19Das Gericht lässt es dahinstehen, ob die Rechtswidrigkeit der Schließungsanordnung bereits daraus folgt, dass die Antragsgegnerin offenbar nicht erkannt hat, dass die von ihr getroffene, in ihrem Ermessen stehende Maßnahme auf Art. 138 Kontroll-VO zu stützen ist, wie sich aus der in der Antragserwiderung erfolgten Inbezugnahme von § 14 Abs. 1 OBG NRW als Ermächtigungsgrundlage ergibt. Das Gericht lässt es ebenso dahinstehen, ob die Missachtung des Art. 138 Abs. 3 Kontroll-VO zur (formellen) Rechtswidrigkeit der Schließungsanordnung führt.

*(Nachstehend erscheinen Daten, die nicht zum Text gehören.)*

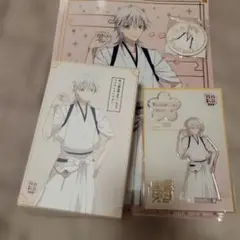 2026年最新】刀剣乱舞 花丸 イヤホンの人気アイテム - メルカリ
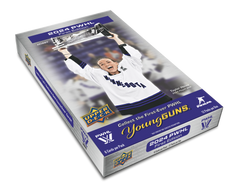 2024-25 Upper Deck PWHL Hobby Box | Eastridge Sports Cards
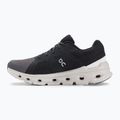 Buty do biegania męskie On Cloudrunner eclipse/frost 10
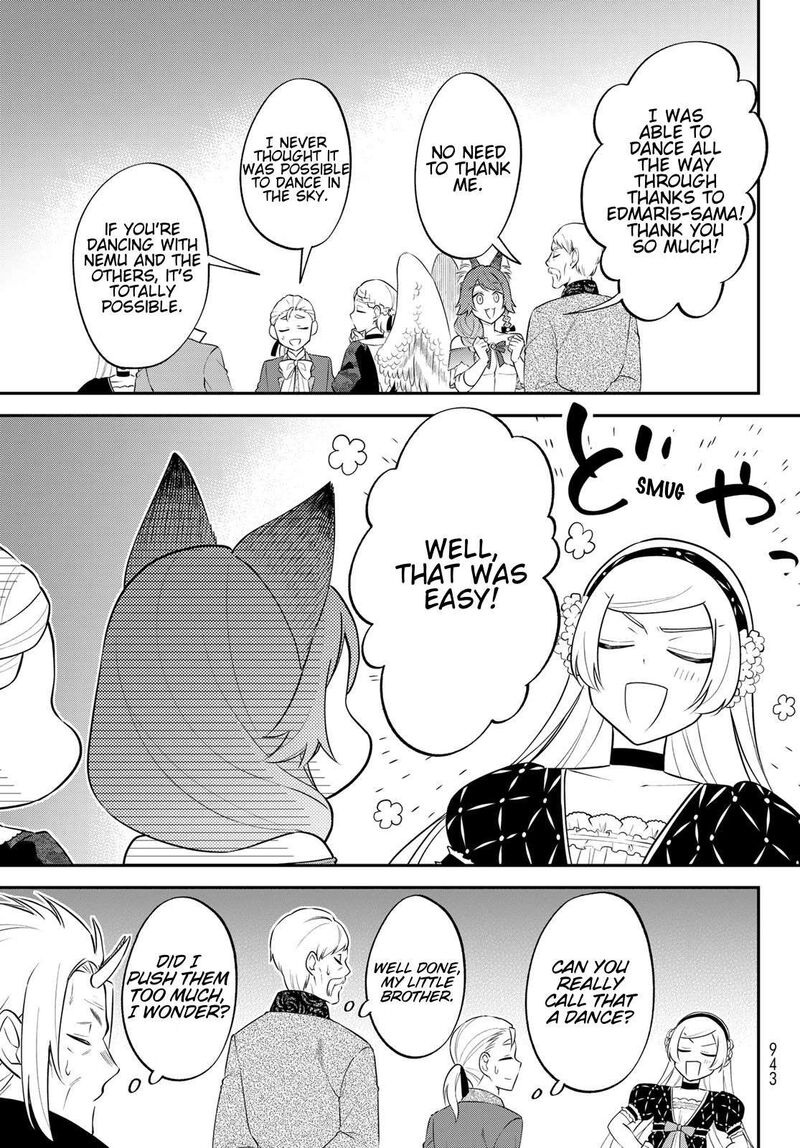 Tensei Shitara Slime Datta Ken Ibun Makuni Kurashi No Trinity Chapter 73 Page 18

Zwar erscheint es denkbar, die lediglich in dem schriftlichen Kontrollbericht vom 10. Januar 2022 vermerkte Maßnahme der Betriebsschließung als schriftliche Unterrichtung der Entscheidung über die getroffene Maßnahme im Sinne der Vorschrift anzusehen, jedoch fehlt es offensichtlich an der darüber hinausgehend erforderlichen schriftlichen Unterrichtung über die Gründe für diese Entscheidung und an einer schriftlichen Rechtsbehelfsbelehrung.
20Zweifelhaft erscheint, ob der von der Antragsgegnerin als Maßnahme gemäß Art. 138 Abs. 2 Buchstabe h Kontroll-VO getroffenen Schließungsanordnung ein von 138 Abs. 1 Satz 1 Buchstabe b Kontroll-VO vorausgesetzter Verstoß gegen Vorschriften im Sinne von Art. 1 Abs. 2 Kontroll-VO, hier gemäß Buchstabe a der Norm Vorschriften, die entweder auf Unionsebene oder von den Mitgliedstaaten zur Anwendung von Unionsrecht im Bereich Lebensmittel und Lebensmittelsicherheit erlassen wurden, zugrundeliegt.
21Als solchen Verstoß nimmt die Antragsgegnerin das Fehlen eines Handwaschbeckens mit Hygieneausstattung im Bereich des Bedientresens im vom Eingang aus gesehen vorderen Raum des Imbissbetriebes der Antragstellerin – des Gastraumes – an.
22Nach Art. 4 Abs. 2 VO (EG) Nr. 852/2004 haben Lebensmittelunternehmer, die nicht in der Primärproduktion tätig sind, die allgemeinen Hygienevorschriften gemäß Anhang II zu erfüllen. Anhang II Kapitel I dieser Verordnung gilt für alle Betriebsstätten, in denen mit Lebensmitteln umgegangen wird.
23Nach Anhang II Kapitel I Nr. 4 VO (EG) Nr. 852/2004 müssen an geeigneten Standorten genügend Handwaschbecken vorhanden sein. Diese müssen Warm- und Kaltwasserzufuhr haben; darüber hinaus müssen Mittel zum Händewaschen und zum hygienischen Händetrocknen vorhanden sein. Soweit erforderlich, müssen die Vorrichtungen zum Waschen der Lebensmittel von den Handwaschbecken getrennt angeordnet sein.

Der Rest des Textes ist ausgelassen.